Young Thug, born Jeffrey Williams, is a 24 year-old rapper from Atlanta, Georgia. With the help of fellow rapper Gucci Mane, Thug was given a record deal in 2013 by 1017 Brick Squad Records, and quickly rose to fame from the hit single “Lifestyle.” Young Thug is unlike many other rappers in the industry. His voice is different to say the least. He uses it almost like an instrument. He does not have quite the range or control of a trained R&B singer but what he does with his voice is quite impressive. He almost effortlessly varies his cadence on each of his songs, which keeps his material from sounding too similar.
The producers a rapper choses to hire are as important as the actual rapper to the music. Young Thug definitely has his favorites. On “Slime Season 3” (the final installment in his Slime Season mixtape trilogy) he frequently brings in fellow Atlanta-based producer London on da Track, as well as heavy-hitter Mike Will Made It and beat maker Isaac Flame. It’s hard to mistake who produces each song because the producers insert their “tags” or names into the tracks that they produce, usually before the beat drops. (London’s tag is “We got London on da track.”
The mixtape starts out with a song titled “With Them.” Although this title seems terribly unoriginal, the track itself is absolutely not.

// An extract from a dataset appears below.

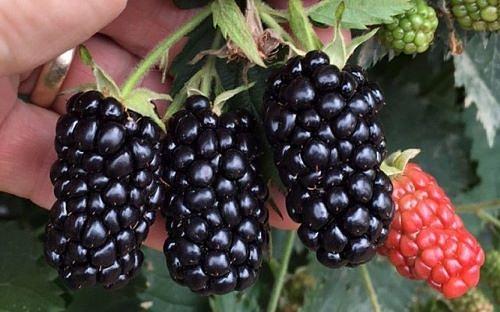 Саженцы плодовых кустарников - Ежевика бесшипная «Прайм Арк Фридом» фото 1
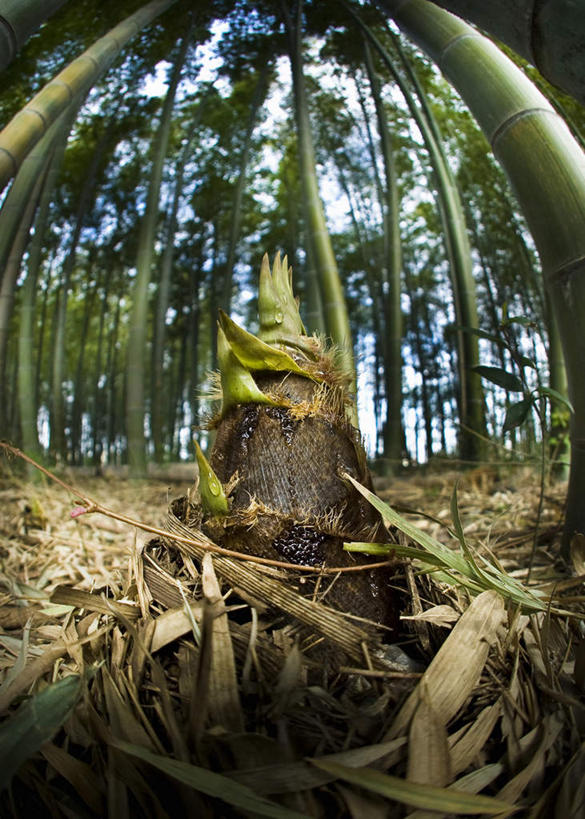 无人,竖图,室外,白天,留白,鱼眼镜头,农业,农作物,森林,蔬菜,静物,生食,笋,树干,一个,自然,摄影,生长,单个,清新,纯净,彩图,林区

Produced by Mike Will Made It, this bouncy beat features some faint piano sounds that can be heard over the bass. Lyricism is not Thug’s forte but maybe thats what he’s going for; the most abstract lines that somehow blend together to make a cohesive song. The second line in this song makes no logical sense but thats almost what Young Thug fans come to expect. “I just went hunting/ I found me
a rabbit / I picked out the carrot,” he says. Your guess is as good as anyones as to what this means, but the way he says it just sounds nice. Williams’ energy can be heard through his delivery, which is one of the best aspects of his rapping style.
If the first track isn’t for you, then you probably wont like the rest of this mixtape, and thats okay. “Trap rap” (rapping about selling drugs or living a violent gangster lifestyle) definitely isn’t for everyone. It’s explicit, and it’s raw. When Young Thug raps about drinking unhealthy amounts of cough syrup to feel a buzz, it’s believable. When he changes almost every word that starts with the letter C to the letter B because of his affiliation with the blood gang rather than the crips, that is odd, but interesting.
It is certainly understandable why some people may dismiss this type of music altogether. For many, it may seem like he is saying absolutely nothing and just cursing his way through the song for three minutes. For those who are already a fan of this genre, and Young Thug in particular, it is his best work yet.